◆ WORK REQUEST ◆
Each line below should be reproduced without any alteration.

++++++++++

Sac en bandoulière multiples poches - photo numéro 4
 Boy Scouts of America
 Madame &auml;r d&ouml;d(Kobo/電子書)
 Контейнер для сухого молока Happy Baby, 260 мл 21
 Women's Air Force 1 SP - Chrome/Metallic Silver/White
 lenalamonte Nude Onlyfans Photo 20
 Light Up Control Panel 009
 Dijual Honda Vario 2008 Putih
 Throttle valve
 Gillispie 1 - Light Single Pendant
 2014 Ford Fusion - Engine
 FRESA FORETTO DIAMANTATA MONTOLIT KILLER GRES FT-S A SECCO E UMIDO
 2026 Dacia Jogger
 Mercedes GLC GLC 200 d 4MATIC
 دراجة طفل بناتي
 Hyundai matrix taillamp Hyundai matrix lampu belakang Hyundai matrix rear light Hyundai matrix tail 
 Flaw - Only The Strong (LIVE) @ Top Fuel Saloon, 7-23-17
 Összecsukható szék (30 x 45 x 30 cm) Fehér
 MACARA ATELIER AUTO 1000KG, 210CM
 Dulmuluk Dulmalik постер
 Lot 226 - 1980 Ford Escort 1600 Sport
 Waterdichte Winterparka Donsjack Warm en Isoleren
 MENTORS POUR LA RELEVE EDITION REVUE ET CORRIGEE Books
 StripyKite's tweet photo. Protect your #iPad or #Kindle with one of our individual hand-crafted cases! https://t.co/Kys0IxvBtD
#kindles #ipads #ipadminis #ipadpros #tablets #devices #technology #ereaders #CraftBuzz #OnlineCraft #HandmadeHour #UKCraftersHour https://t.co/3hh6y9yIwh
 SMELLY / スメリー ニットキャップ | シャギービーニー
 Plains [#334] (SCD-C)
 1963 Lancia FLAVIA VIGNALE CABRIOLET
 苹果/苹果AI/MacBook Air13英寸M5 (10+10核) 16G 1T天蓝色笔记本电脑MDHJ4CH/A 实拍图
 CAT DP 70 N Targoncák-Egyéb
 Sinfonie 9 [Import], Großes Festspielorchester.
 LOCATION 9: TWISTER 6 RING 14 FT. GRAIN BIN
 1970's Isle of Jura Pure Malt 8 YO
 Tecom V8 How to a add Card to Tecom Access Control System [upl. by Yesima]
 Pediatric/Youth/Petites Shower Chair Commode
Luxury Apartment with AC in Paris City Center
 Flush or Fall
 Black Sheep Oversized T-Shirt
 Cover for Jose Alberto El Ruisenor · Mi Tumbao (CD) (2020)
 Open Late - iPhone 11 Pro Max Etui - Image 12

++++++++++

◆ EXERCISE ANSWER ◆
Sac en bandoulière multiples poches - photo numéro 4
 Boy Scouts of America
 Madame &auml;r d&ouml;d(Kobo/電子書)
 Контейнер для сухого молока Happy Baby, 260 мл 21
 Women's Air Force 1 SP - Chrome/Metallic Silver/White
 lenalamonte Nude Onlyfans Photo 20
 Light Up Control Panel 009
 Dijual Honda Vario 2008 Putih
 Throttle valve
 Gillispie 1 - Light Single Pendant
 2014 Ford Fusion - Engine
 FRESA FORETTO DIAMANTATA MONTOLIT KILLER GRES FT-S A SECCO E UMIDO
 2026 Dacia Jogger
 Mercedes GLC GLC 200 d 4MATIC
 دراجة طفل بناتي
 Hyundai matrix taillamp Hyundai matrix lampu belakang Hyundai matrix rear light Hyundai matrix tail 
 Flaw - Only The Strong (LIVE) @ Top Fuel Saloon, 7-23-17
 Összecsukható szék (30 x 45 x 30 cm) Fehér
 MACARA ATELIER AUTO 1000KG, 210CM
 Dulmuluk Dulmalik постер
 Lot 226 - 1980 Ford Escort 1600 Sport
 Waterdichte Winterparka Donsjack Warm en Isoleren
 MENTORS POUR LA RELEVE EDITION REVUE ET CORRIGEE Books
 StripyKite's tweet photo. Protect your #iPad or #Kindle with one of our individual hand-crafted cases! https://t.co/Kys0IxvBtD
#kindles #ipads #ipadminis #ipadpros #tablets #devices #technology #ereaders #CraftBuzz #OnlineCraft #HandmadeHour #UKCraftersHour https://t.co/3hh6y9yIwh
 SMELLY / スメリー ニットキャップ | シャギービーニー
 Plains [#334] (SCD-C)
 1963 Lancia FLAVIA VIGNALE CABRIOLET
 苹果/苹果AI/MacBook Air13英寸M5 (10+10核) 16G 1T天蓝色笔记本电脑MDHJ4CH/A 实拍图
 CAT DP 70 N Targoncák-Egyéb
 Sinfonie 9 [Import], Großes Festspielorchester.
 LOCATION 9: TWISTER 6 RING 14 FT. GRAIN BIN
 1970's Isle of Jura Pure Malt 8 YO
 Tecom V8 How to a add Card to Tecom Access Control System [upl. by Yesima]
 Pediatric/Youth/Petites Shower Chair Commode
Luxury Apartment with AC in Paris City Center
 Flush or Fall
 Black Sheep Oversized T-Shirt
 Cover for Jose Alberto El Ruisenor · Mi Tumbao (CD) (2020)
 Open Late - iPhone 11 Pro Max Etui - Image 12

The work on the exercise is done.